Brooklyn might be a solidly blue, Democratic bastion where registered Republicans are outnumbered 7.7 to 1, but Mitt Romney is still a favorite in some neighborhoods where the GOP has done consistently well for years, the Brooklyn Bureau‘s Jarrett Murphy reported.
McCain beat Obama in four of Brooklyn’s assembly districts and in two, by a large margin. In fact, McCain “received more votes in New York City (about 525,000) than he did in 16 small states, including eight that he won.” An interactive map from PrecinctsReporting NYC shows the areas that voted in his favor.

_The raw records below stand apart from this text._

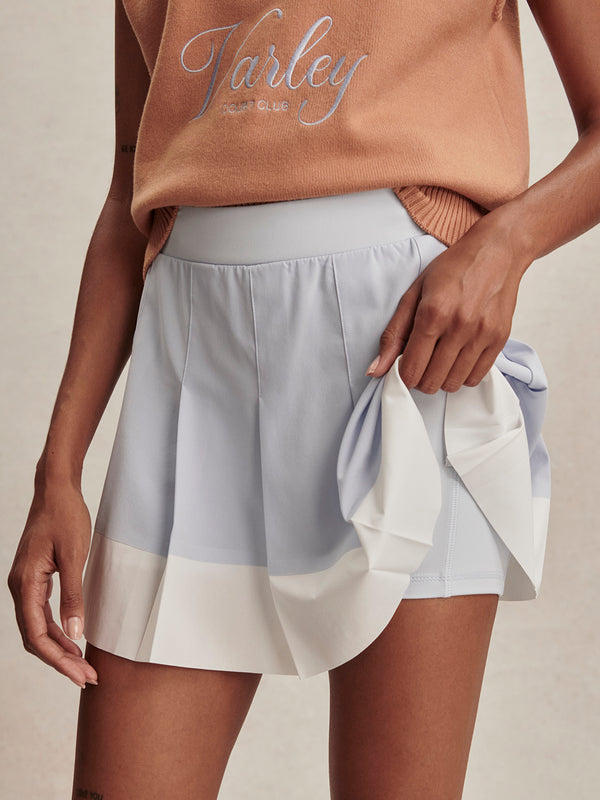 Varley Chase Mid Rise Tennis Skort 14.5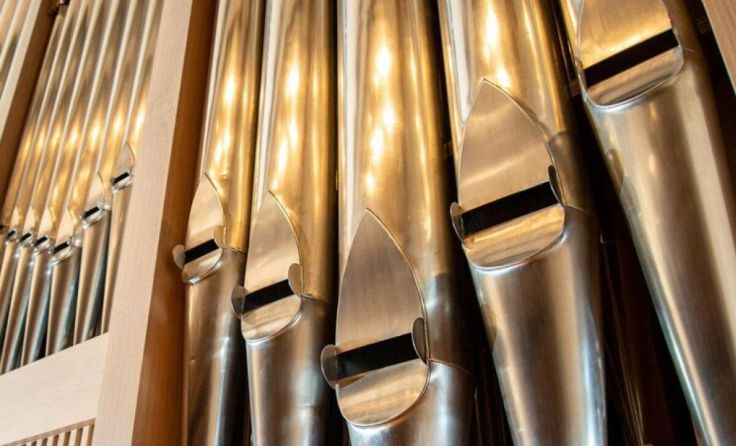 Pipes & Vibes: Bruckner-Hommage (Foto: Rita Newman)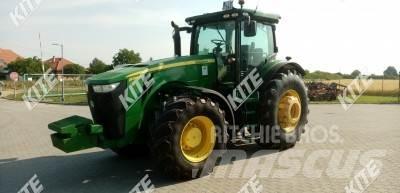 John Deere 8285R Traktörler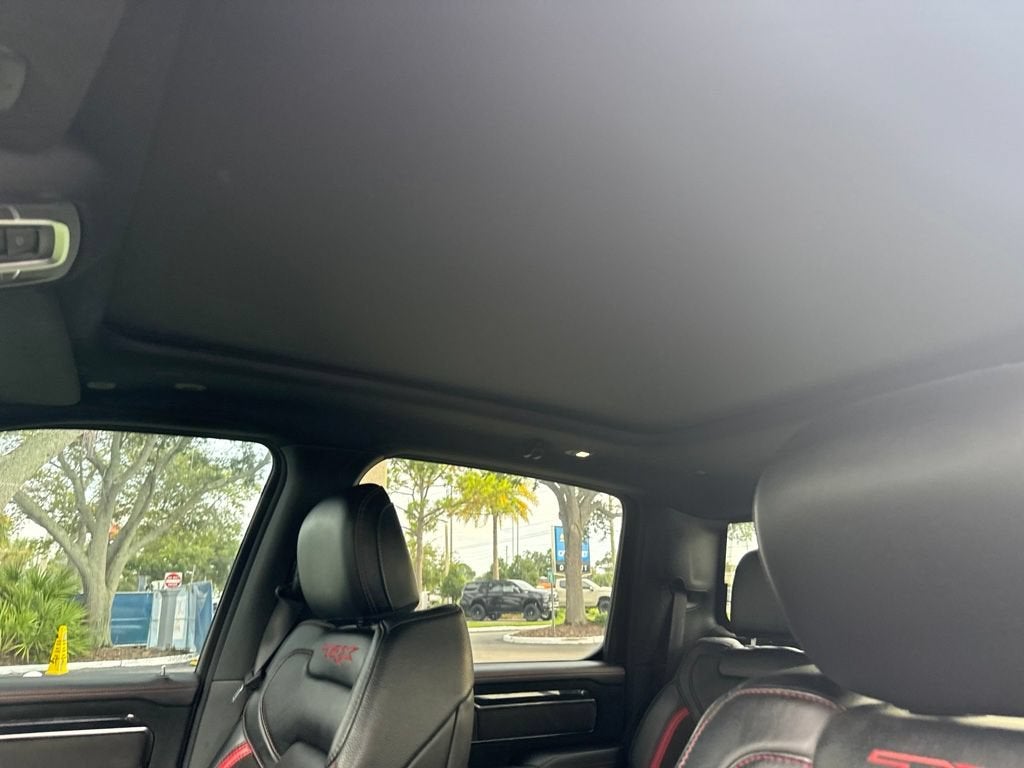 2021 RAM 1500 TRX Crew Cab 4x4 5'7" Box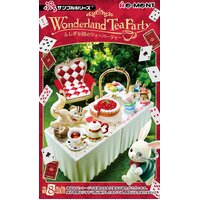 Re-ment Petit Sample Wonderland Tea Party - Single Blind-Box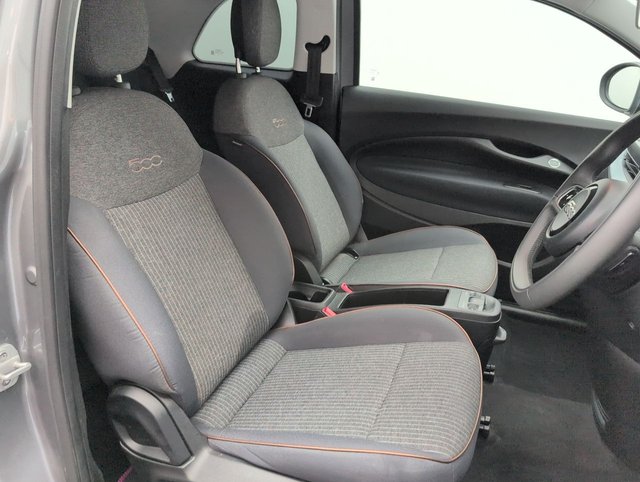 USED 2022 22 FIAT 500E 500e Icon 3dr CLICK+COLLECT / HOME DELIVERY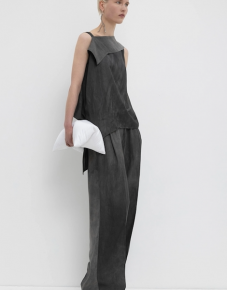 PAMA VISCOSE PANTS CHRISTIAN WIJNANTS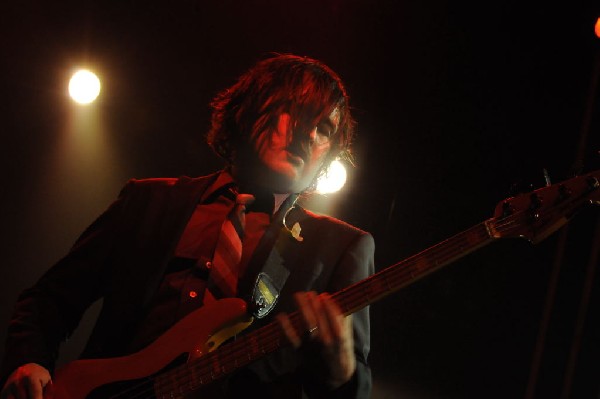 Dashboard Confessional at the Frank Erwin Center, Austin, Texas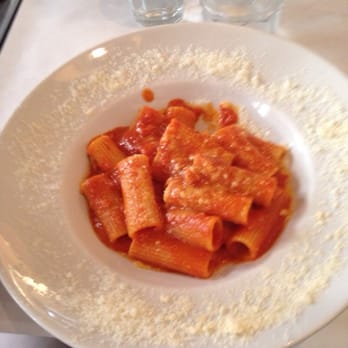 'Gusto Osteria - Rigatoni - Italian Near Me - Rome, RM 'Gusto Osteria - Rigatoni - Italian Near Me - Rome, RM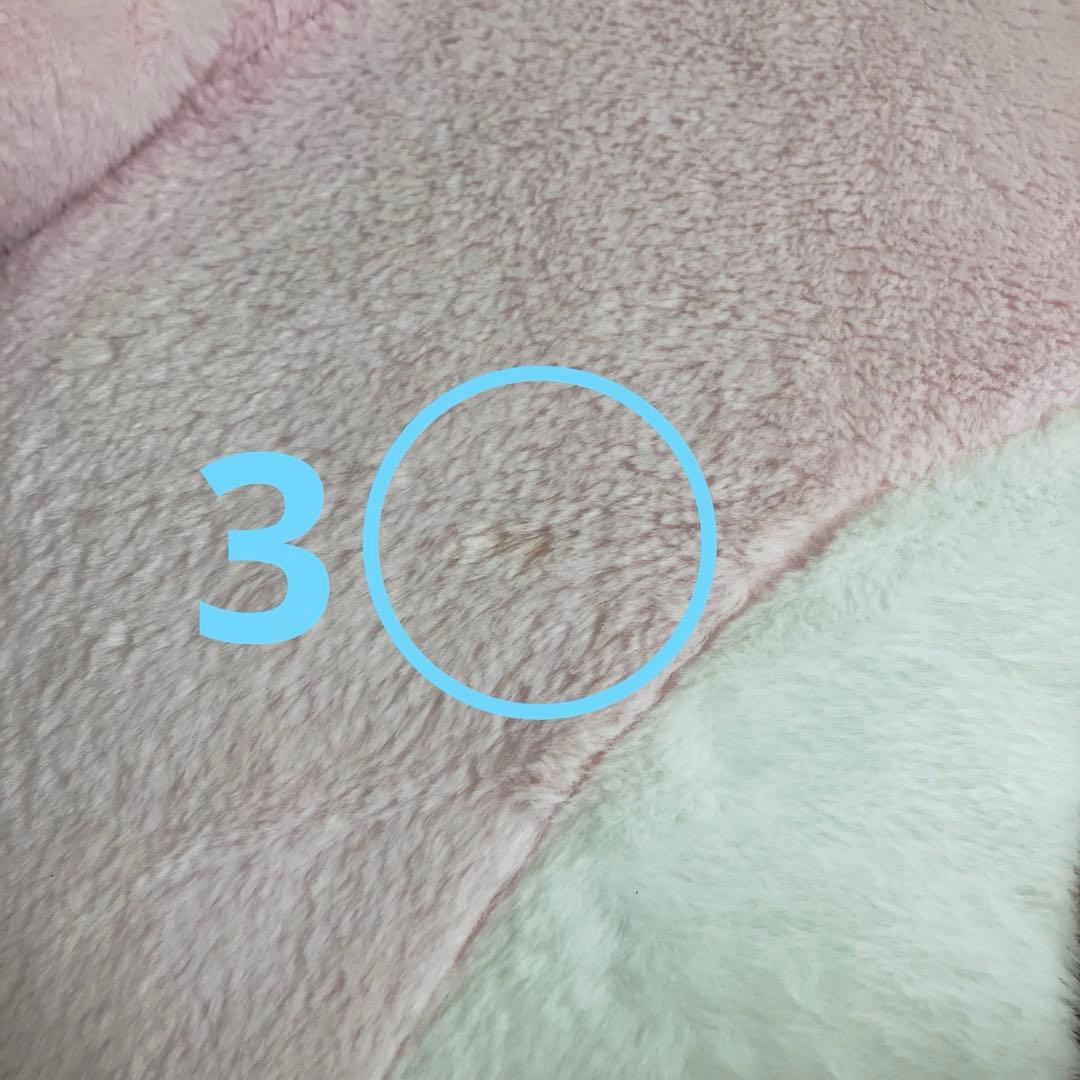 マイメロディ　 夢の超BIGふかふかぬいぐるみクッション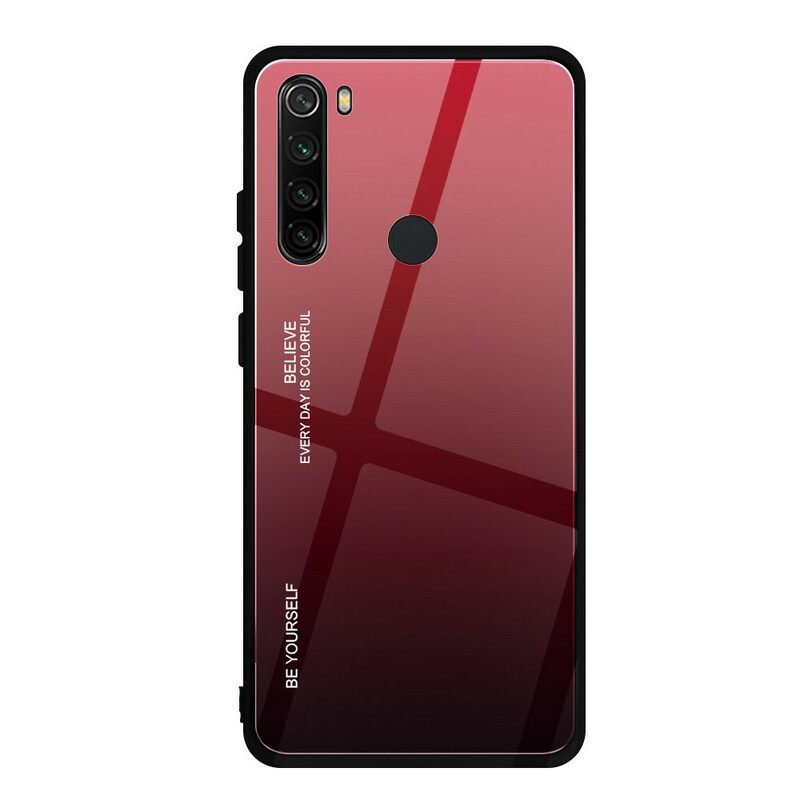 Kuori Xiaomi Redmi Note 8 Galvanoitu Väri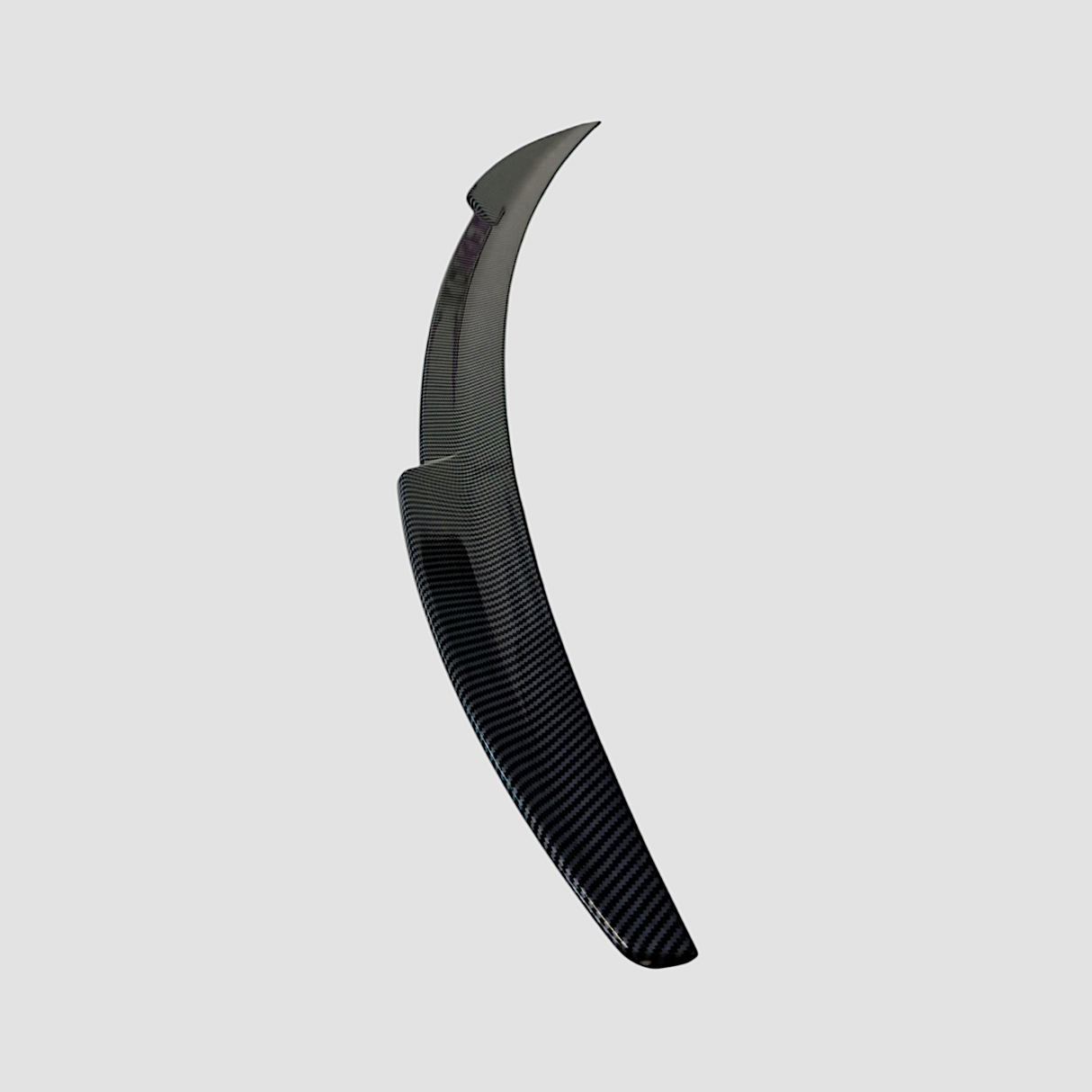 Närbild av BYD Seal Sport Design spoiler – sportig styling med perfekt passform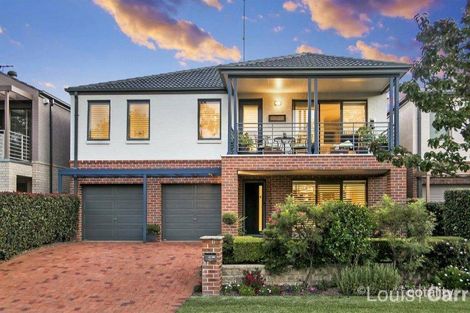 Property photo of 41 Phoenix Avenue Beaumont Hills NSW 2155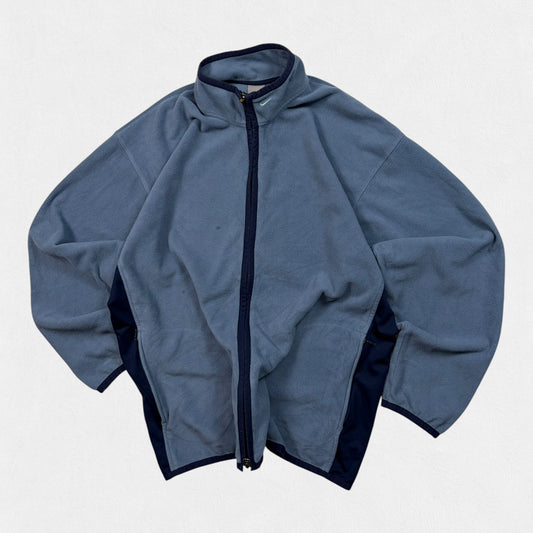 Vintage Nike zip up fleece (XL)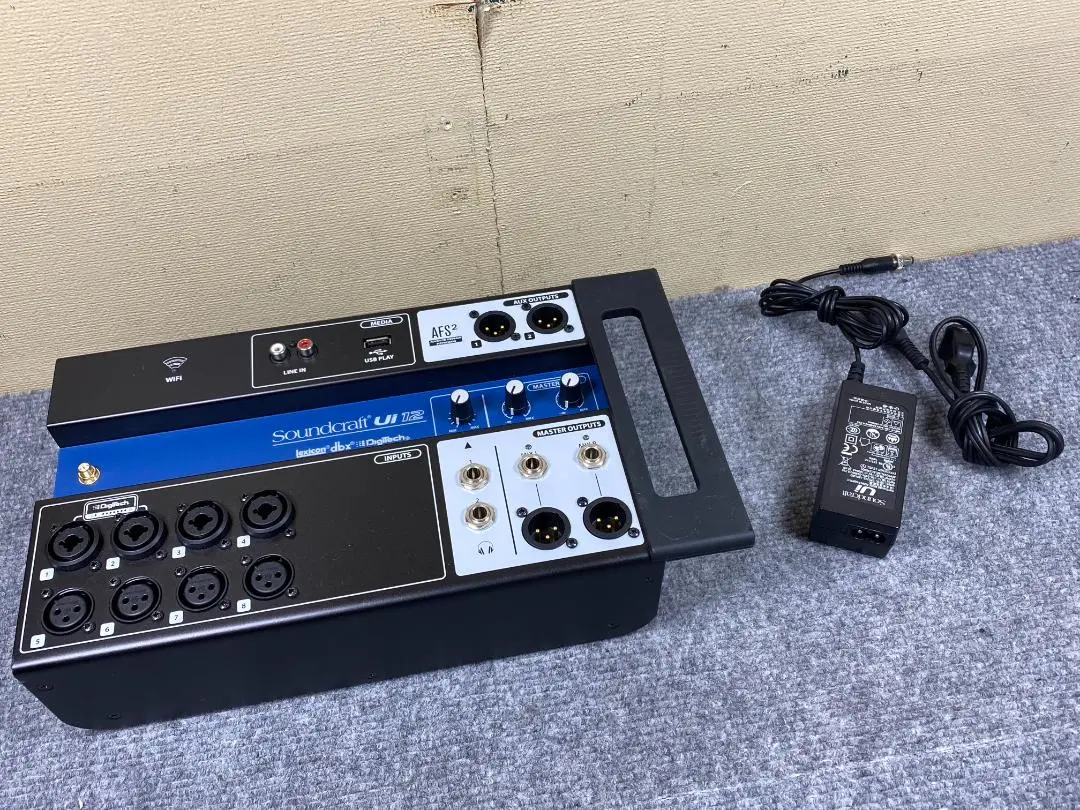 2025年最新】soundcraft ui12の人気アイテム - メルカリ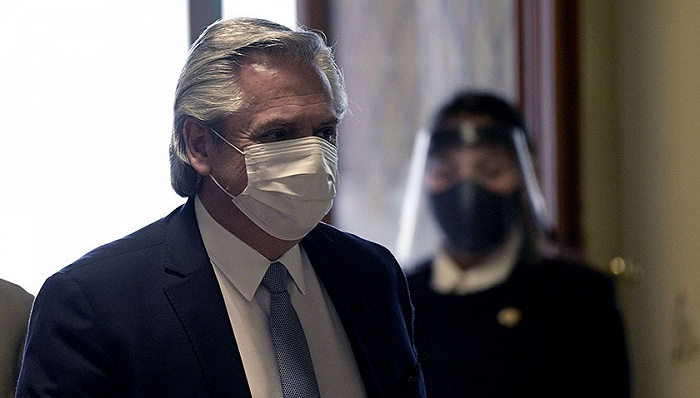 割富人韭菜 阿根廷筹资应对抗疫支出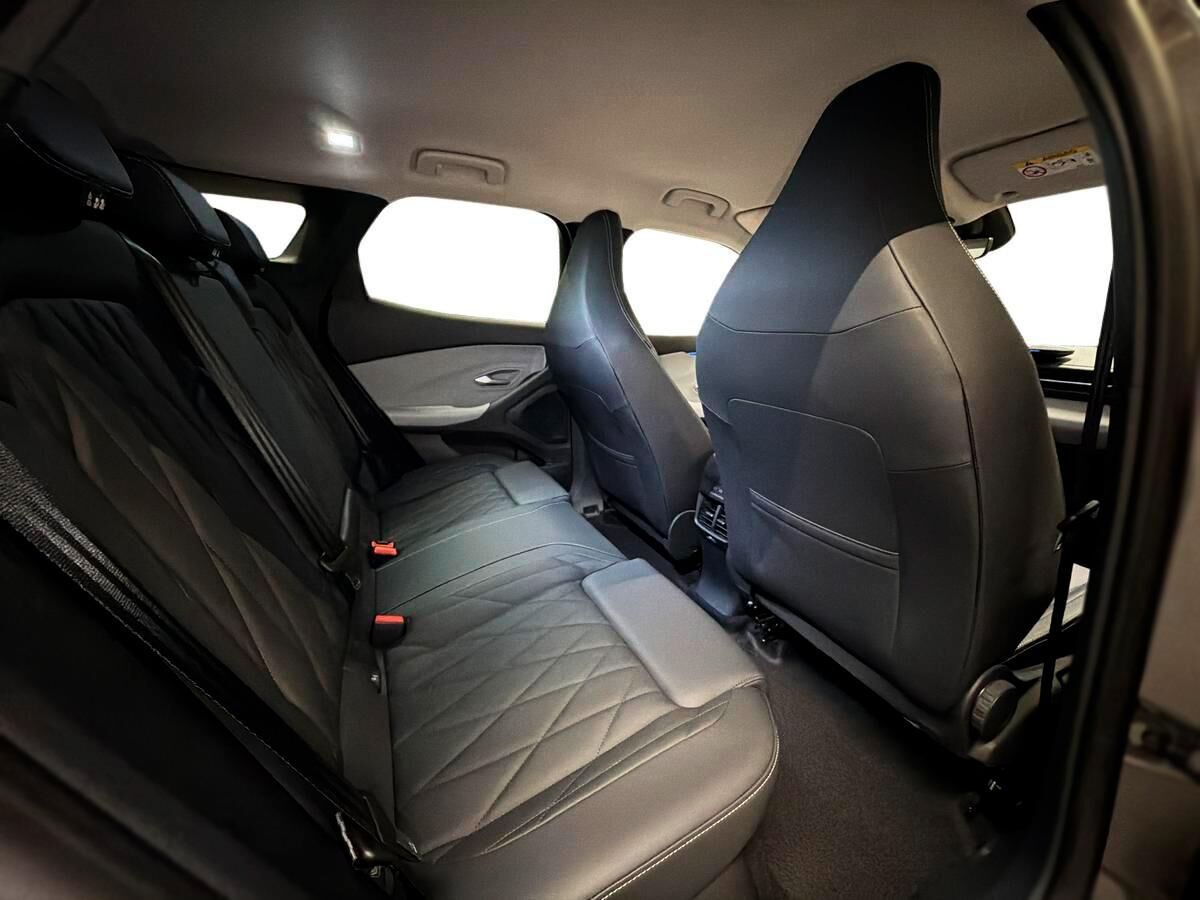Billede af Ford Explorer EL UR Premium RWD 286HK 5d Aut.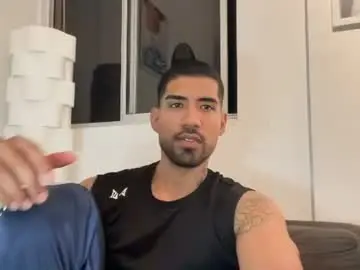 Chaturbate Private Sex Chat of myke_esthetic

Murphy laid out those Republican-leaning districts:
Brooklyn’s Republican country is concentrated in the borough’s southeast, roughly from Dyker Heights through Bensonhurst to Sheepshead Bay. Not surprisingly, the area mirrors the district represented by State Sen. Martin Golden, one of only three Republicans in the city’s delegation.
McCain’s strongest showing four years ago was in the 48th Assembly district, encompassing parts of Dyker Heights and Borough Park and represented in Albany by conservative Democrat Dov Hikind. The Republican nominee nabbed 71 percent of the vote to then-Sen. Barack Obama’s 29 percent. In 2004, President Bush took a similar proportion of the District 48 vote (69 percent) over Democratic nominee and Massachusetts Sen. John Kerry (30 percent).
McCain also followed Bush to win the 45th Assembly district, which covers neighborhoods like Gerritsen Beach and Midwood. In both ’04 and ’08, Republicans took more than 60 percent of the vote there. Similarly, the 49th district (which covers parts of Dyker Heights and Bensonhurst) went for the GOP with 53 percent of the vote for both Bush and McCain.
Murphy noted that in addition to voting Republican, these districts have greater percentages of white residents and much higher rates of home ownership than Brooklyn as a whole. New York State is solidly in Obama’s camp but according to the Federal Elections Commission’s campaign finance database, this year, those living in the zip codes of the four Republican-leaning districts have donated over $12,000 to Romney.
GOP campaign literature MIA in Brooklyn
Despite the loyalties of the red Brooklynites, the Romney campaign seems to concentrate its efforts elsewhere when it comes to outreach material, reported The Brooklyn Ink‘s Matthew Vann. Glenn Nocera, 37, wanted to campaign for the Republican nominee but has yet to receive any literature from the party.
“It’s like twisting arms,” he says. “I’m a little bit pissed off. The materials should be here by now.”
Nocera, 37, who ran for the State Senate in 2008 but lost, serves as a Brooklyn College public safety officer. And though he received assurances from campaign officials at the Republican National Convention that he’d get what he needed to start campaigning, he hasn’t heard anything from officials he spoke with.
Neither have the two rival Young Republican clubs in the borough. “I think they feel New York is a lost cause and don’t want to waste their resources,” said Nocera. Canvassers in other non-swing states echo his sentiments, whether they’re campaigning for Romney or Obama.